**Activity:**
Once you reach the line with "Blond woman eating" below, copy each line exactly, stopping after the line with "Separates WC mit Pissoir", and skip any pictures.

**Data:**
»»

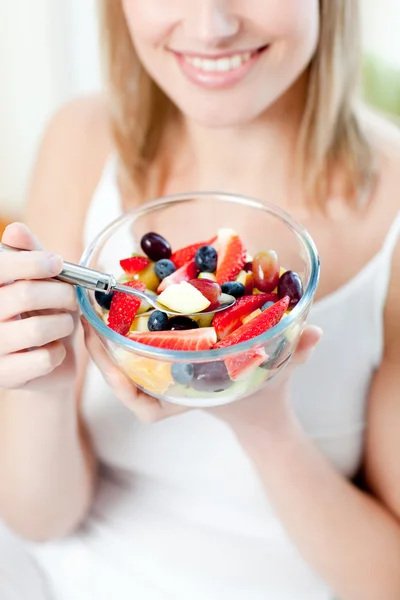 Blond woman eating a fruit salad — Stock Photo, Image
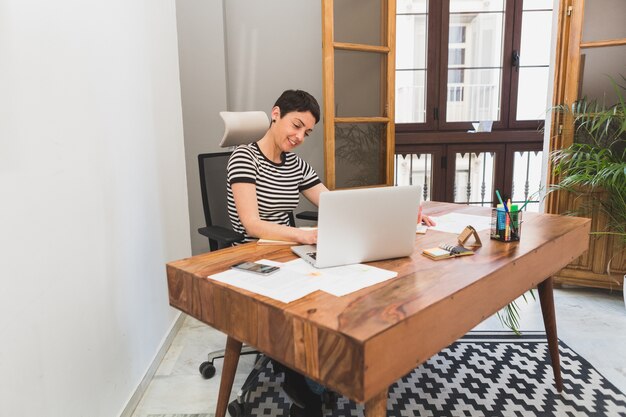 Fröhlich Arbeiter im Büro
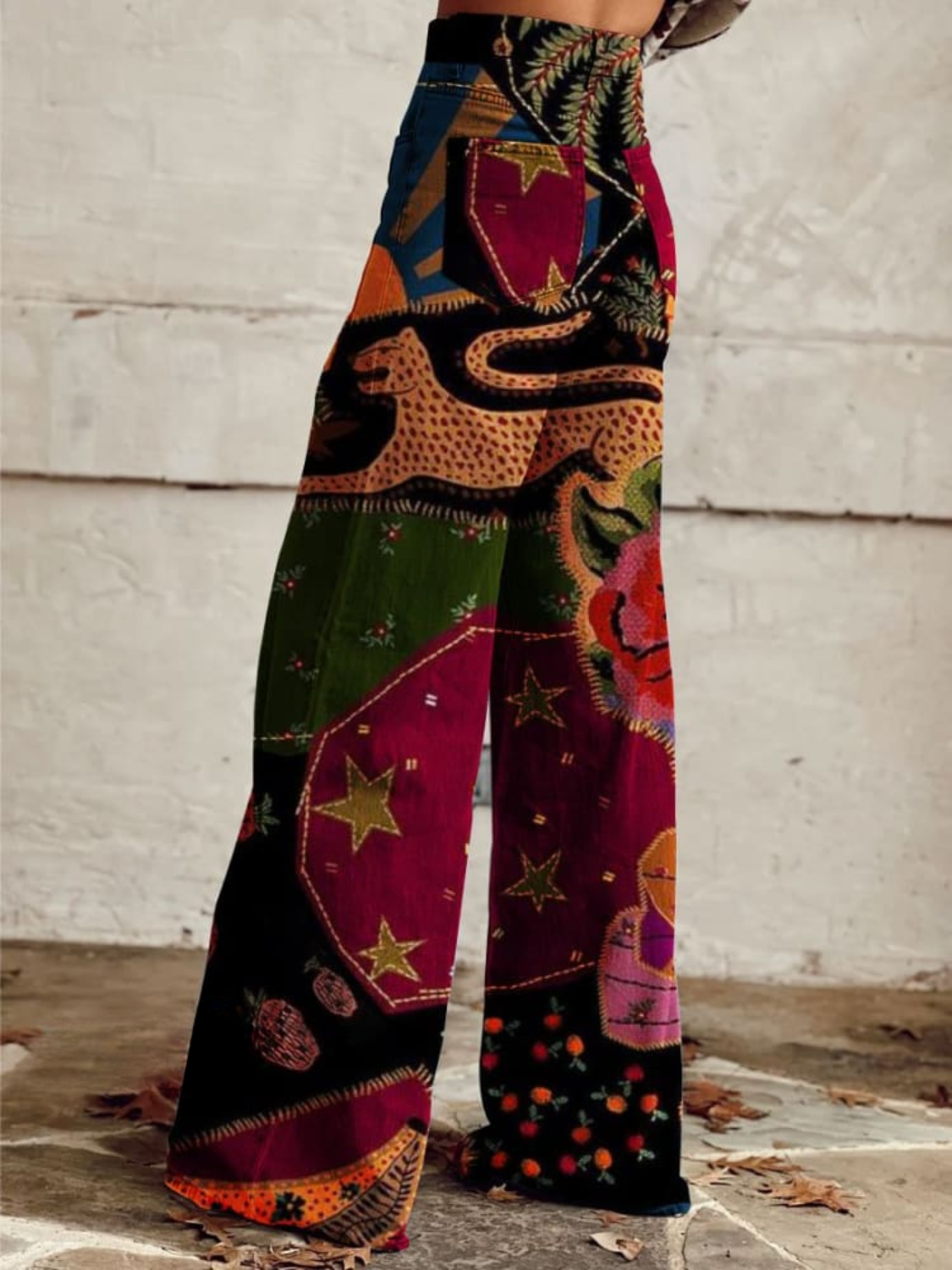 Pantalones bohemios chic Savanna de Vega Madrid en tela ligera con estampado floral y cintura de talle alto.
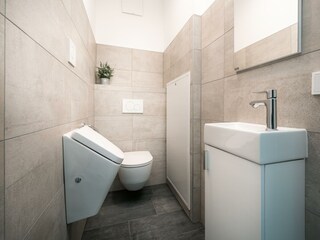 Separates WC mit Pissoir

««
»»

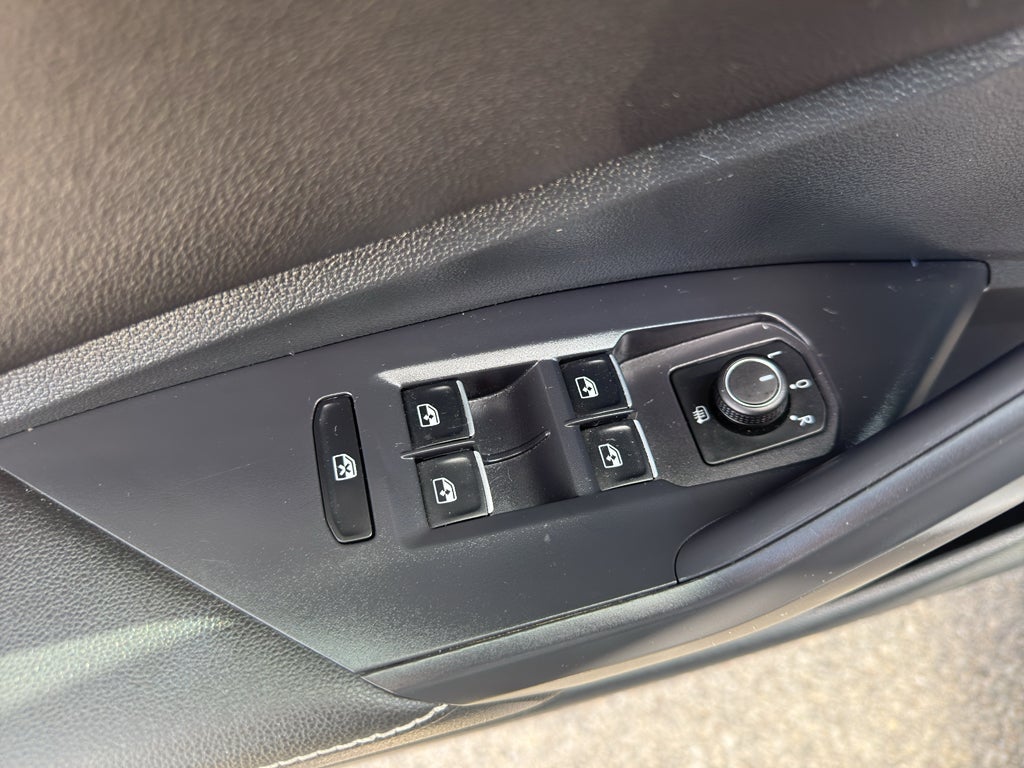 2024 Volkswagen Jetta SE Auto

««

**Output below:**
 Blond woman eating a fruit salad — Stock Photo, Image
 Fröhlich Arbeiter im Büro
 Pantalones bohemios chic Savanna de Vega Madrid en tela ligera con estampado floral y cintura de talle alto.
 Separates WC mit Pissoir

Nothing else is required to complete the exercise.